TECHNIQUE; SUB-PRINCIPLE: Speed

Blog Article/Post Caveat (Read First Please: Click the Link)

Speed first must explain itself through the OODA loop. One observes then orients then decides on a course of action and finally then ACTS. This is a process every human has to go through to do things and the time it takes is about speed. The faster you pass the loop to act over an adversary the faster you gain the advantage over that adversary. This requires complete and comprehensive training and practice. 

That training and practice includes knowledge, the type of knowledge for martial arts self-defense means knowing and understanding a lot about conflict and violence. If you are confronted by the unknown and/or unfamiliar then you have to go back to the start of the OODA loop thereby putting you behind and given the mental and physical speed to your adversary.

This is the knowledge necessary long before you take that first step on the dojo floor of a self-defense martial art or karate. You have to know what you don’t know and what you don’t know you don’t know otherwise the initial advantage is not yours. 

If you can train and practice toward a process that allows you to skip steps (procedural memory programming in zombie routines) in the loop you gain more speed toward reaching the action level. If your actions are such that it causes the adversary to bounce back to the OO section and remain there, the OO bounce, then you gain more speed and reduce his creating more time to achieve your goals. Remember, that applies to him as well. 

Then you apply the principles in such a manner that you literally “lengthen your line” in relation to the adversary’s line also adding to your speed. This type of speed is developed long before that of the actual physical speed of your body, i.e., hands, feet, elbows, etc., through economical motion, efficiency, proficiency, control, simplicity, natural action, etc.

Consider also that your awareness also contributes to your speed. The ability to perceive danger long before you encounter the situation provides you time, distance and speed in acting to avoid the conflict and violence before the physical applications of self-defense.
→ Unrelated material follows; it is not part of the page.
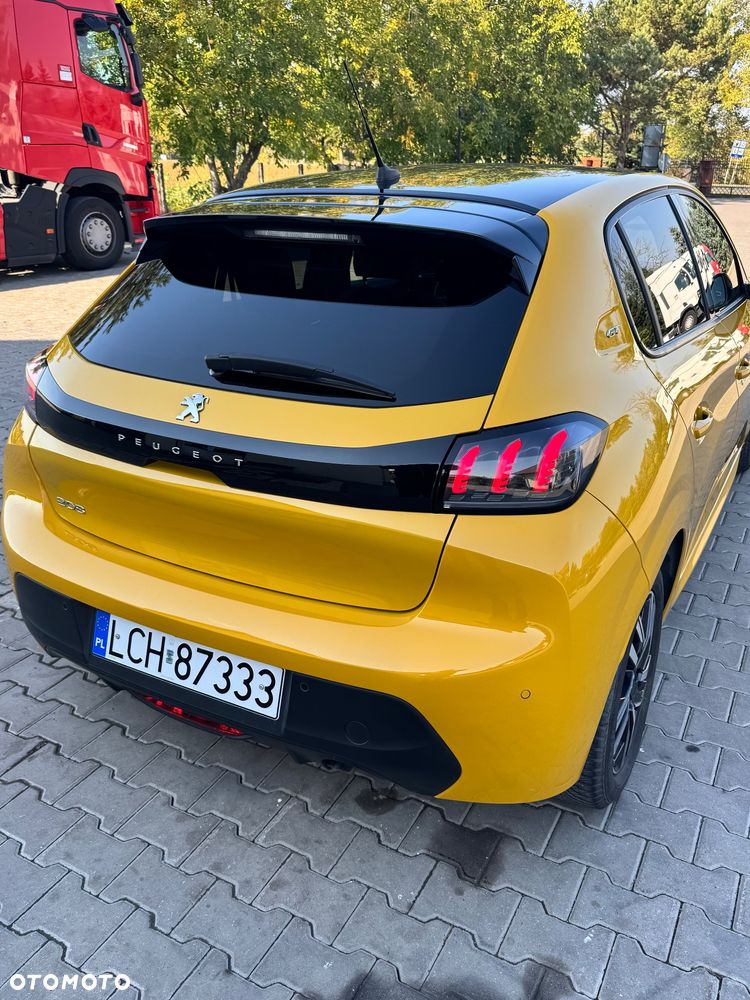 Peugeot 208 - 10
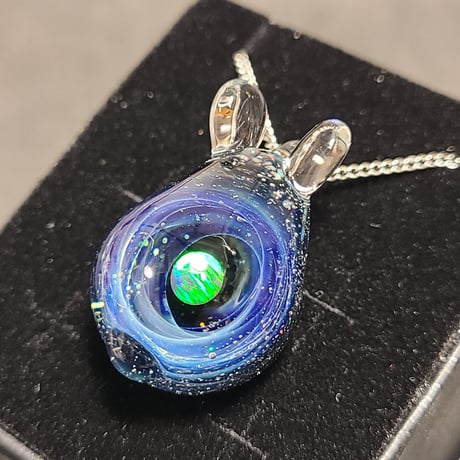 宇宙うさぎのペンダント-785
This is also about adding speed to the loop while providing time to consider avoidance over defense methodologies in avoidance because your loop now has time to consider what it observes, you have time to orient you human brain so that it also has time to consider options so when you finally decide to turn and run your actions become those that avoid damage and those legal and moral ramifications self-defense involve. 

Lets talk a bit about the speed that involves application of karate and martial arts. Keep in mind that speed reciprocates timing and timing will be discussed in the next section. The first, most obvious, application of speed is best described as our movements being such that our adversary is unable to react thus speeding past their processing of the OODA loop. 
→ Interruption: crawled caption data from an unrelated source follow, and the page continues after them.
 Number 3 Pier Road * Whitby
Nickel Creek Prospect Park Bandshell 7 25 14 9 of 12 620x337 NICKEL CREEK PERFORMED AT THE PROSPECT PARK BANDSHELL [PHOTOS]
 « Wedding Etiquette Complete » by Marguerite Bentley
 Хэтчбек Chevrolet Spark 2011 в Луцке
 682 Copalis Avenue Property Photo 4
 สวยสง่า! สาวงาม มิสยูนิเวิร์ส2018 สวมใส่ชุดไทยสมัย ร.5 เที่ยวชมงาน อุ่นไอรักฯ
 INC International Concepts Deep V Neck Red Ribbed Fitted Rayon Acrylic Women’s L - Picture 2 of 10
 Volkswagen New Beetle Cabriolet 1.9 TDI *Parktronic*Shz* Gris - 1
Another aspect is what some call movement speed, as already partly described above. It is about how fast our bodies move across space or distances. Then we need to know about how other sub-principles effect and enhance movement speed through structure, axis, relaxation, posture, and wave  energy, etc.
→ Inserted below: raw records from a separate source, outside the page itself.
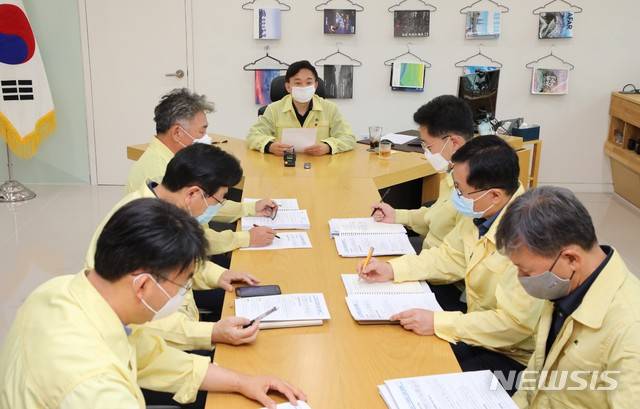 [제주=뉴시스] 제주도 원희룡 제주지사 주재 코로나19 지역감염 차단을 위한 긴급 비상대책회의 모습.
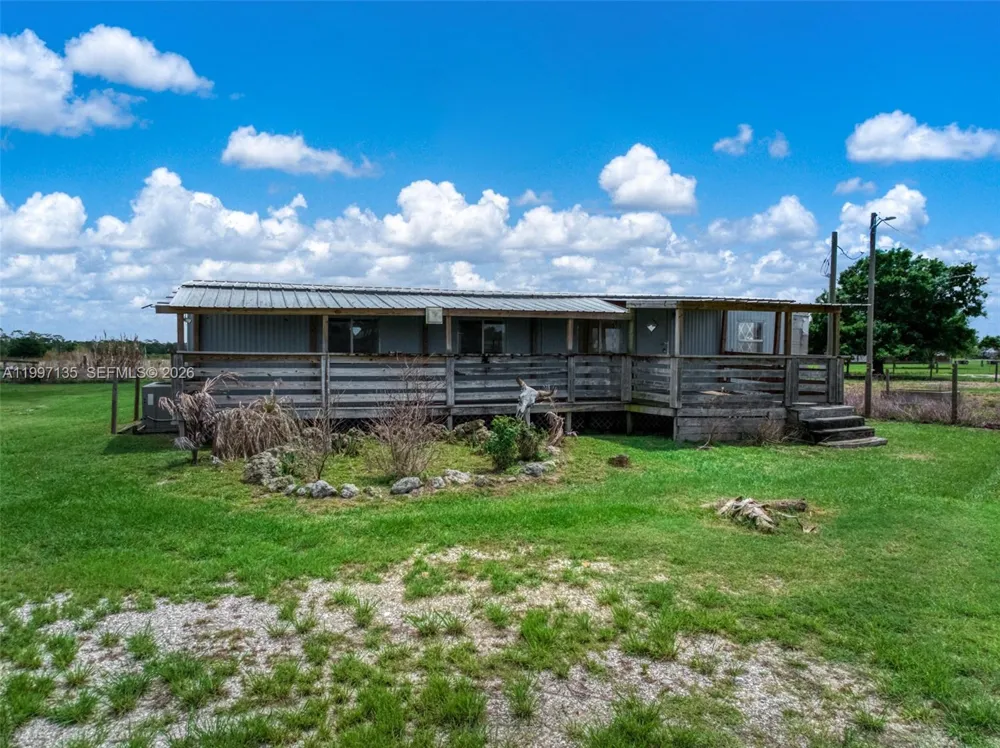 615 Graham Dairy Rd Other City - In The State Of Florida, FL 33960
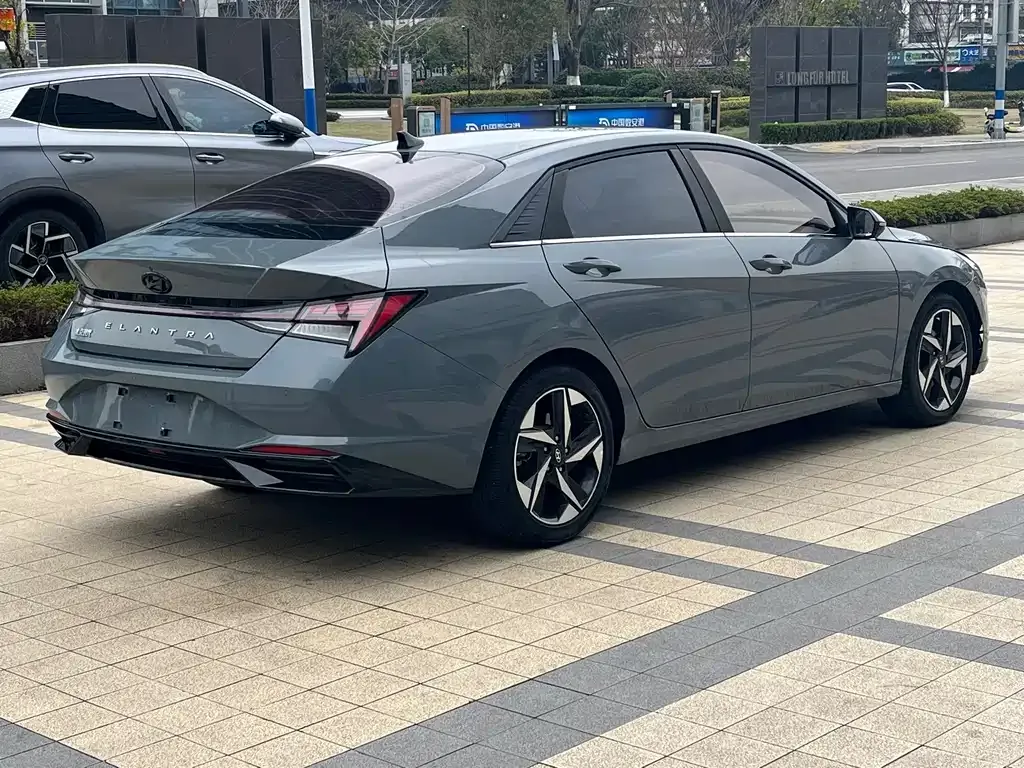 Hyundai Elantra — фото 9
Look also at effectual speed, i.e., a more holistic view of the time it takes to compote a method to its final goal on target. Add in timing speed where we move faster in our response to our adversary, in other words we put our methodology into effect faster than they do - faster OODA loop.

Spatial speed, where we move less distance in executing our methods through superior economical motions. If we can execute the same method as our adversary but only through a shorter distance or path then we are twice as fast in its application barring any other possible similarities or dissimilarities. 

Speed involves various types of perspectives such as remembering that effectual speed involves movement, timing and spatial speeds. We don’t want to forget that the speed of traversing the OODA loop also contributes to overall speed.